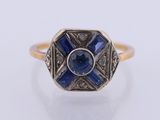 une bague ancienne sertie de saphir et de diamants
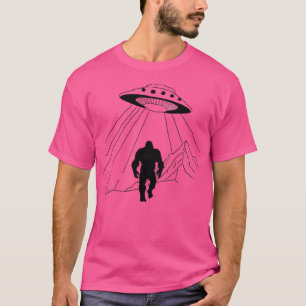 Ufo Bigfoot Gorilla Alien Design T-Shirt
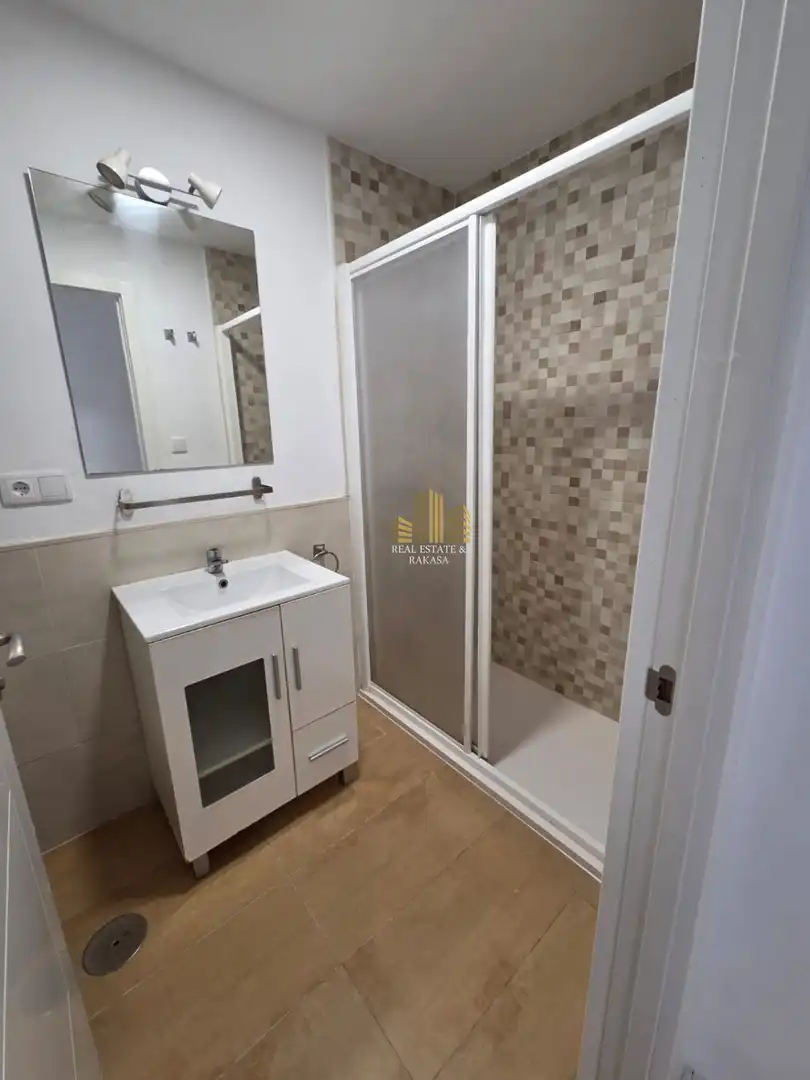 Baño de Piso en venta en Alcalá de Guadaira con Terraza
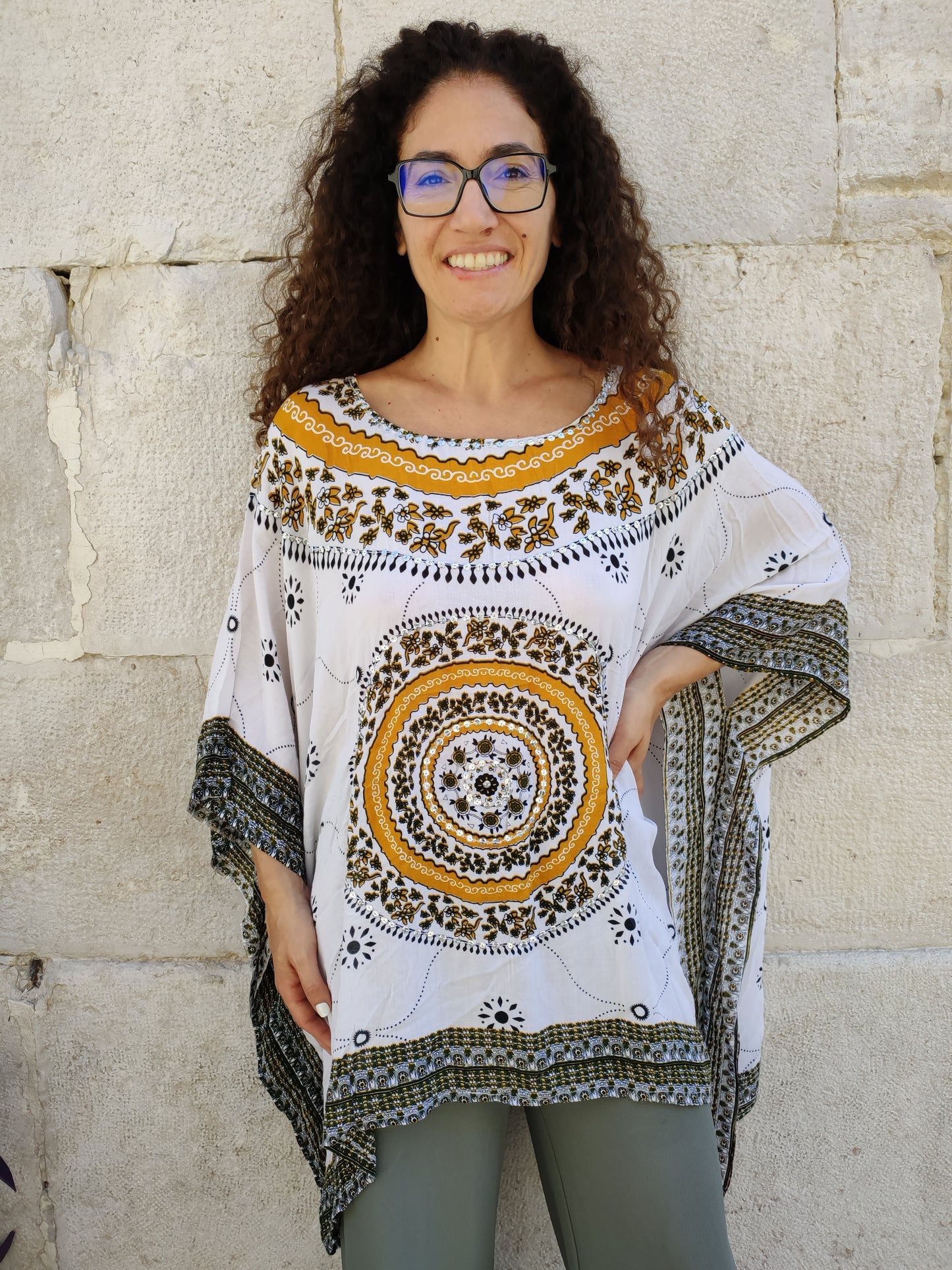 Short caftan shirt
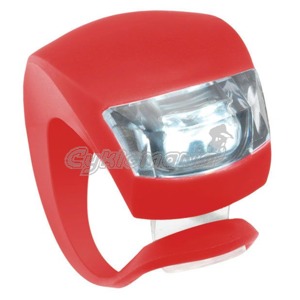 Sv�tlo p�edn� Knog Beetle �erven� P�edn� sv�tlo se 2 �ir�mi LED diodami a syst�mem rychl�ho up�n�n�. Funkce rychl�ho blik�n�, st�l�ho sv�cen�, pomal�ho blik�n� a problik�v�n� jednotliv�ch diod. Pru�n� gumov� t�lo na v�echny... Knog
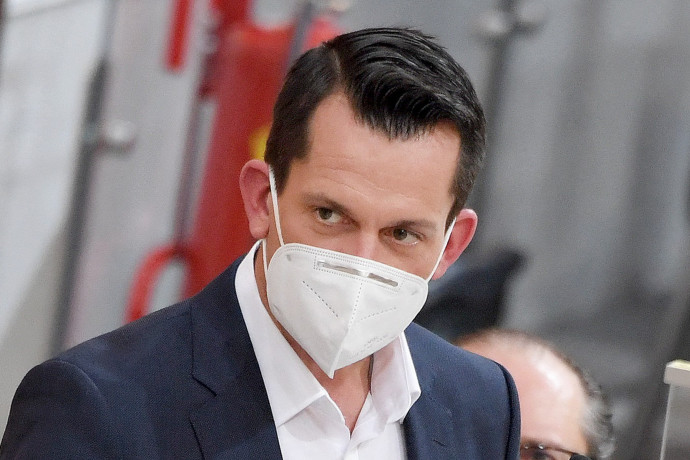 Ausztriában a delta variáns miatt ismét szigorítani kell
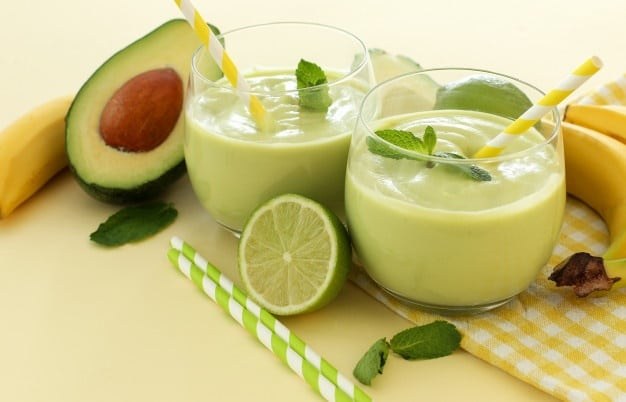 smoothie ποτήρια φρούτα τραπεζομάντηλο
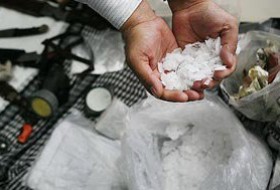 کشف 23 کیلو گرم مواد مخدر شیشه در شهرستان هامون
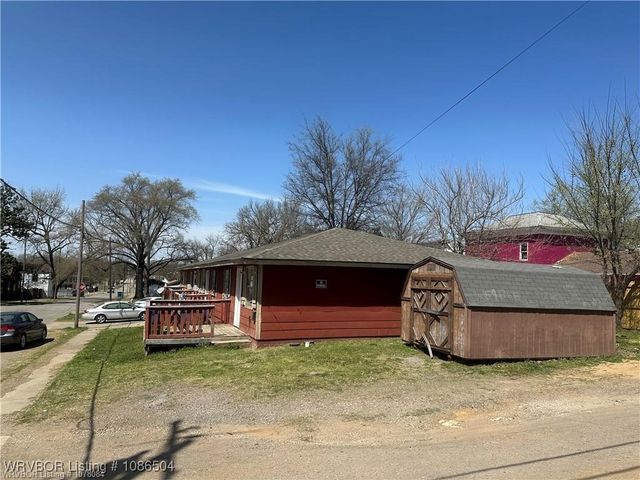 700 N 12TH Street 1-4, Fort Smith, AR 72901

•••

▸ **What you should do**:
Omit the pictures. Transcribe word for word the lines from the one containing "smoothie ποτήρια φρούτα τραπεζομάντηλο" through the end of the listing, inclusive.

▸ **Solution for this task**:
 smoothie ποτήρια φρούτα τραπεζομάντηλο
 کشف 23 کیلو گرم مواد مخدر شیشه در شهرستان هامون
 700 N 12TH Street 1-4, Fort Smith, AR 72901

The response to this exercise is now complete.